Michael F. Bamberger (born April 15, 1960) is a senior writer for Golf.com and the author of multiple books.

==Early life==
Bamberger was born and raised in Patchogue, New York. He attended its public schools (graduating from Patchogue-Medford High School in 1978), wrote for local newspapers and played golf on nearby public courses. His father was an engineer at Brookhaven National Laboratory and his mother taught English in the Patchogue-Medford School District.

==Career==
After graduating from the University of Pennsylvania in 1982, Bamberger became a reporter for the Vineyard Gazette on Martha's Vineyard, Massachusetts. He joined The Philadelphia Inquirer in 1986 and became a senior writer for Sports Illustrated in 1995.

Bamberger is the author of nine nonfiction books and the co-author of one novel.

His two most recent books are The Ball in the Air (2023) and The Playing Lesson (2025). The Ball in the Air is about the lives of three amateur golfers, Pratima Sherpa, Ryan French and Sam Reeves. In The Playing Lesson Bamberger writes about his play in a number of pro-am golf events.

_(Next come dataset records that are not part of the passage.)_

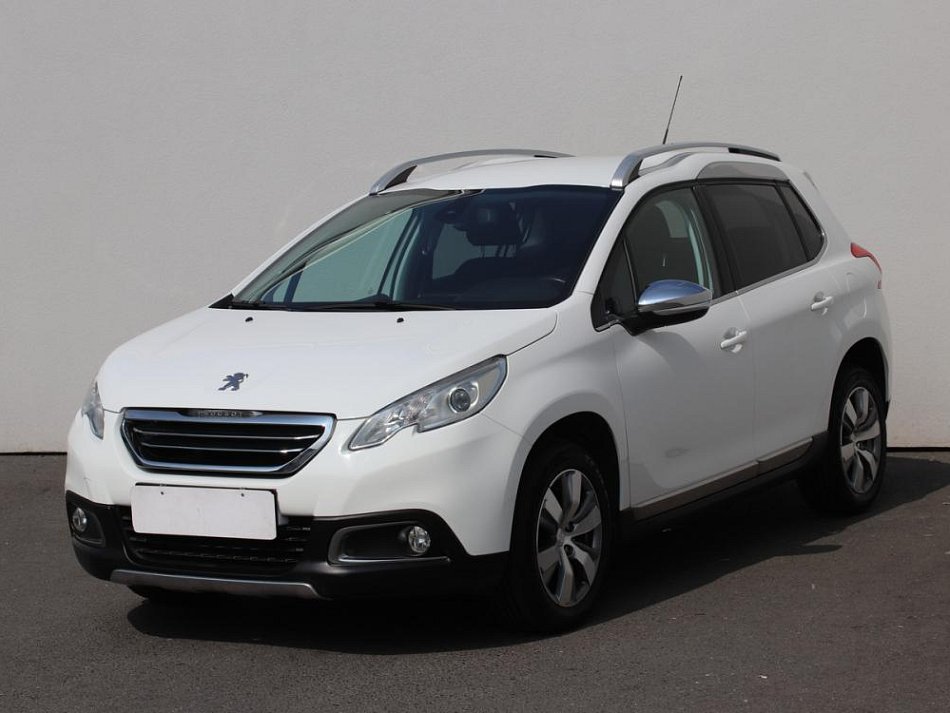 Peugeot 2008 1.2 VTi Allure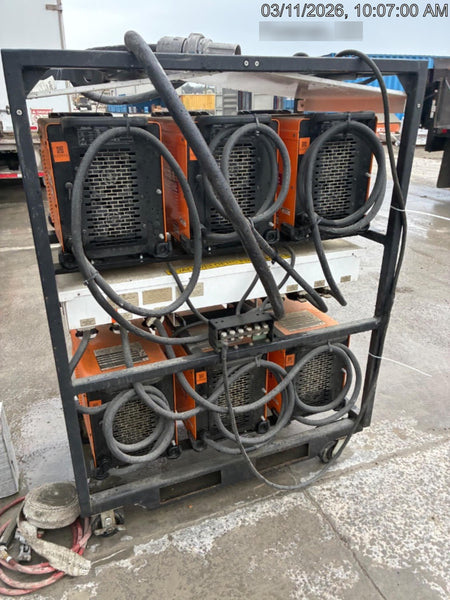 2025 LINCOLN ELECTRIC FLEXTEC 350X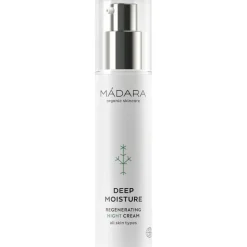 Madara Deep Moisture Herstellende Nachtcrème 50 ml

Wonderland: A Year in the Life of an American High School (2004), chronicles the senior year of a group of high school students. The rights for the book were bought by Paramount, and MTV and Tollin/Robbins Productions were to produce the film, which had tentatively been named Pennsbury. In 2004, Mike Tollin and Brian Robbins signed with Walt Disney Studios, leaving the status of the project uncertain.

The Man Who Heard Voices: Or, How M. Night Shyamalan Risked His Career on a Fairy Tale (2006), released the same week as the writer-director-producer's film Lady in the Water, profiles him as he develops it.

The Swinger (2011), a novel he wrote with fellow Sports Illustrated writer Alan Shipnuck, is a satire of the Tiger Woods sex scandal.

The Second Life of Tiger Woods (2020) covers Woods's win at the 2019 Masters.

He is also the author of four autobiographical books on golf: The Green Road Home (1986), To the Linksland (1992), This Golfing Life (2005) and Men in Green (2015).

Bamberger's play Bart & Fay, about the longtime relationship between Bart Giamatti and Fay Vincent, was performed in 1996 at Philadelphia's Walnut Street Theatre.

==Personal life==
Bamberger and his wife, Christine, live in Philadelphia. They have two grown children, Ian and Alina. Bamberger's great, great-great-grandfather, Seligman Baer Bamberger, was a leading rabbi and Jewish scholar in Germany in the 19th century. Bamberger's niece, Cayla Bamberger, covers education and child welfare for the New York Daily News. In 2023, Bamberger was inducted into the Patchogue-Medford High School Hall of Fame.